Only a few decades later, authors were sending their female protagonists to college. In Jean Webster's Daddy-Long-Legs, Judy narrates her years at college, offering a glimpse into the privileged world of a women's college in the early twentieth century. Aside from the downright luxurious dormitories, the college offers opportunities to make fast friendships (even, in this case, across classes), access to a wealth of reading material, and, most importantly, the kind of empowerment that allows Judy to become professionally ambitious. Similarly, L. M. Montgomery sent her beloved heroine Anne Shirley to college in Anne of the Island. In this book, the exceedingly ambitious Anne finally gets her chance to study literature in depth. She also sets up house in a romantic cottage with a girl friend (a fantasy indeed for anyone who has had a bad roommate experience) and reconciles her girlhood hopes with adult resolves.

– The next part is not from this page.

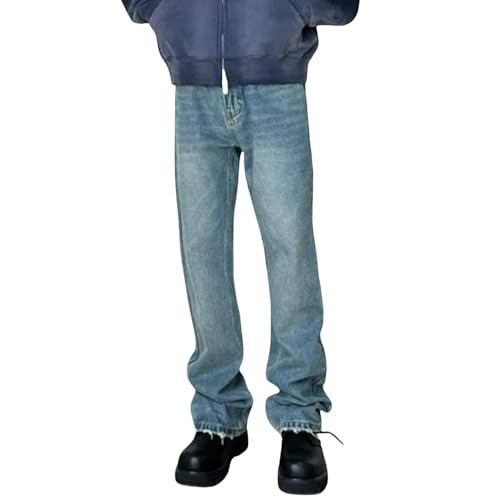 Jeans Pants Trouser Denim Trendy Street Retro Washed Blue Fringed Micro Flared Casual Straight Leg Commuting for Men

Perhaps no literary schools are nearly as enticing as those where magic is taught, the preeminent example of course being Hogwarts School of Witchcraft and Wizardry from J. K. Rowling's Harry Potter books. Who wouldn't want to learn how to perform magic spells, from making objects fly and turning animals into water goblets to flying broomsticks? And for a private tutor, who better than Merlin, Albus Dumbledore's venerable forebear, in T. H. White's brilliant The Sword in the Stone? In White's quirky and very erudite rendition, Merlin is a rather crabby old codger, but a possessed of a brilliant mind, if little patience. His method of teaching the lessons of statesmanship is to turn the boy Arthur into a series of animals, exploring the universe from the point of view of a falcon, a fish, and a badger, among others. However, barring quite unexpected developments, I don't expect such educational experiences to become typical for any students; I do wish that more students had wider access to literature, literature that just might give them greater expectations of what education can offer them.